Is Godlessness America’s Problem?
A conservative commentator, Glenn Beck, blames America’s problems on the increase in non-religiosity, or “godlessness.” (I notice that some conservatives are embarrassed by him, but unfortunately he claims to be one of them.) At the start of one of his latest live-television emotional breakdowns, he points to the fact that the non-religious are the fastest-growing part of the American religious landscape. He imagines that people no longer trust in God, but rather in the government (specifically Barack Obama). This is derived from his belief that citizens have strayed from the phrase in the Declaration of Independence, which Beck quotes as saying, “endowed by their Creator with certain inalienable[sic] rights.” Glenn Beck thinks the “Creator” in that phrase is his god – presumably the god who cares about his crusade against Barack Obama’s “unlawful, godless, perverted, liberal agenda.”
In fact, some of the leaders of the Revolution, including Jefferson, Madison, and Adams, despised Christianity and its god. Jefferson, in his letters, said, “I do not find in orthodox Christianity one redeeming feature.” And, “History, I believe, furnishes no example of a priest-ridden people maintaining a free civil government. This marks the lowest grade of ignorance of which their civil as well as religious leaders will always avail themselves for their own purposes.” He thought that “Christianity is the most perverted system that ever shone on man.” The “Father of the Constitution,” Madison, stated that, “During almost fifteen centuries has the legal establishment of Christianity been on trial. What has been its fruits? More or less, in all places, pride and indolence in the clergy; ignorance and servility in the laity; in both, superstition, bigotry, and persecution.” And, “In no instance have . . . the churches been guardians of the liberties of the people.” Adams, in Article 11 of the Treaty of Tripoli, wrote, “The government of the United States is not, in any sense, founded on the Christian religion.” And, in a letter to his son he wrote, “Let the human mind loose. It must be loose. It will be loose. Superstition and dogmatism cannot confine it.”
Yet, it is precisely superstition and dogmatism that have confined the mind of Glenn Beck. He cannot even use political terms correctly. The term “liberal,” that Beck often uses to describe Barack Obama, is semantically indistinguishable from the term “illiberal.” He sees a vast un-American conspiracy everywhere. On not having the Ten Commandments on a courthouse, he says in a mocking voice, “Thou shall not kill – that’s too controversial!” (It is only unconstitutional.) He says students “can’t pray in school.” (Students can pray as much as they like.) He also makes the claim that people “can’t sing Christmas carols in this country because that is too offensive.” I do not know what part of the country he is talking about.

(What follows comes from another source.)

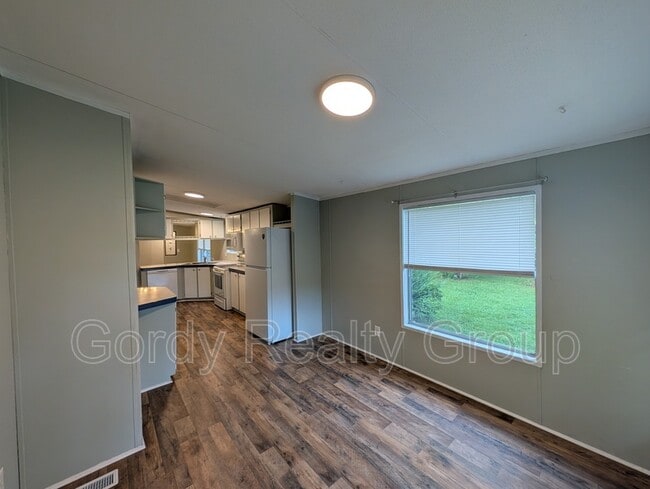 Building Photo - 3166 Redbud Ln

He assumes the non-religious are atheist although non-religious people may believe in God. This does not matter to him because he must argue that they “fill the void” with “stuff, things, power, careers, money, celebrities, politics, government.” It does not occur to him that some people do not need faith, much less feel a “void” in their lives in the same way that no adult feels a void about not believing in Santa Claus.
After lampooning non-religious people, Beck shows that they in fact do have a religion. He claims they put their “faith in government.” He says there is a Church of Barack Obama. His overwhelming evidence for this is a video of school children singing songs to Obama to the tune of “Jesus Loves Me” and “The Battle Hymn of the Republic.” Is it these young school children who are the infamous non-religious people who worship at the altar of Barack Hussein Obama. Is it them who Glenn Beck is ranting against for not putting their faith in God? Is it these school children who cause America’s decline by not being religious? In Glenn Beck’s mind, it seems, anything goes.

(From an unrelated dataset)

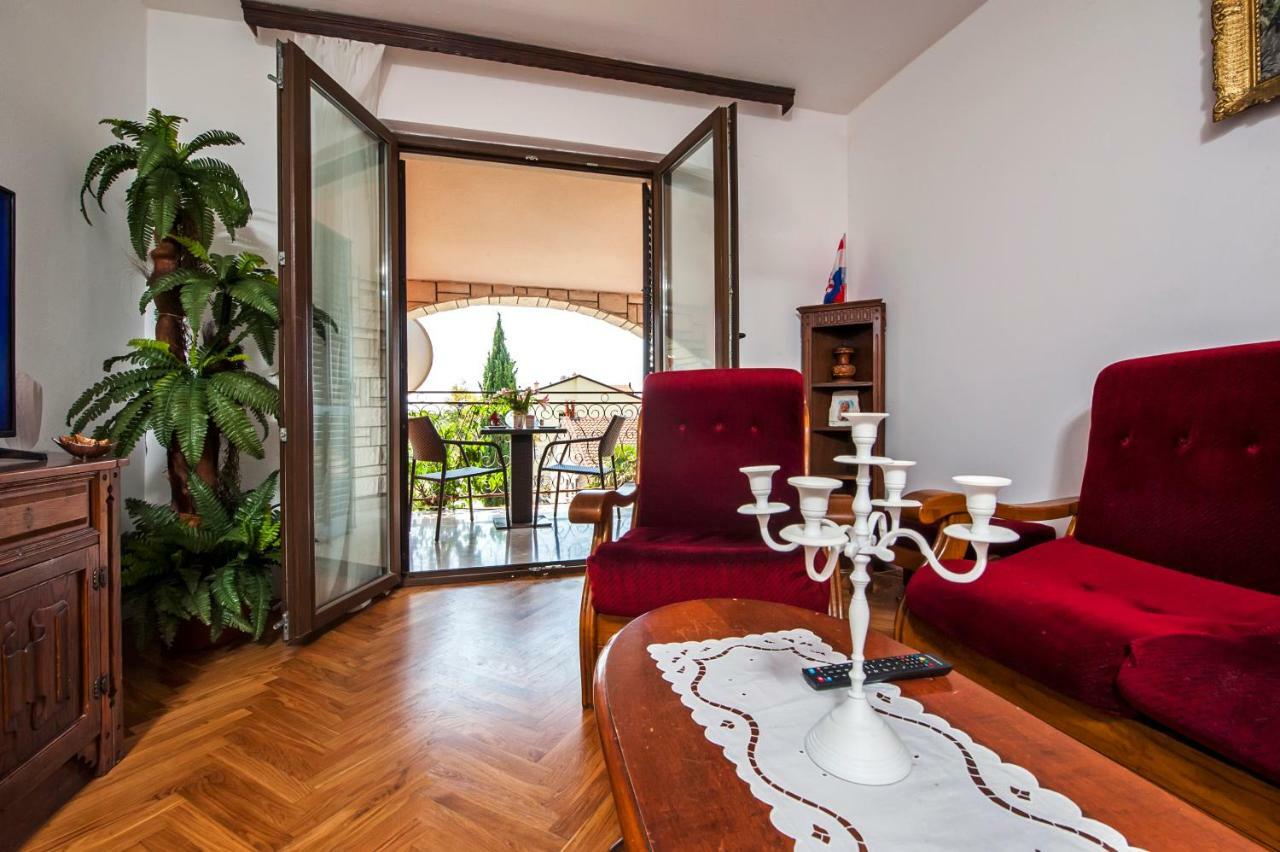 רוביני Apartment Valentina מראה חיצוני תמונה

After showing video of these children, Beck asks, “Why do you think we’re as powerful as we are or have been? What did we do different[sic] than other countries? Are we just superior human beings?” His answer is that “we recognize God’s authority.” This is the point at which he mistakenly recognizes the Deistic (or non-Christian) god of the Founders as his Christian god. He goes on to say:
So many other countries get it completely wrong. They believe human rights are handed down by some government, some body, some official in the government. It’s all about them; not HIM! No government can fill the gaping hole inside of us if GOD is chased out! Maybe we need to stop looking for more social justice and start looking at ETERNAL justice!

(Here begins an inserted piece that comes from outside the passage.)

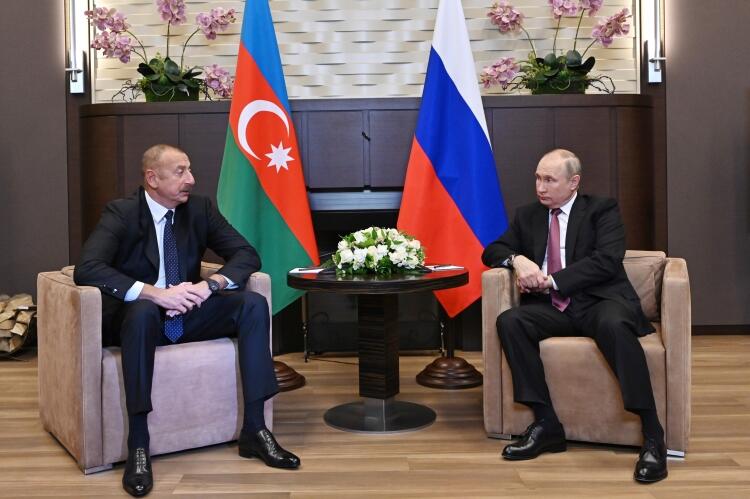 Soçidə Azərbaycan Prezidenti İlham Əliyev ilə Rusiya Prezidenti Vladimir Putin arasında ikitərəfli görüş olub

It is with this argument that Beck unwittingly rejects the idea of the “consent of the governed”: the cornerstone of the Declaration of Independence and the Virgina Bill of Rights, and the political theory that lends both legitimacy and moral authority to our government for its exercise of state power. But who would expect Beck to know about such trivialities of his own beloved country?
In this way Beck lays down his argument that godlessness is the weakness of America. However, it is his own authoritarian conservative Christian impulse that endangers the freedom that he says people should value with their lives. It is the Church of Glenn Beck that is the problem, and he has millions of followers who tune in to his circus – I mean show. The god of Glenn Beck is totally at odds with the open, pluralistic society protected by such civil liberties and rights that form the foundation of this Republic.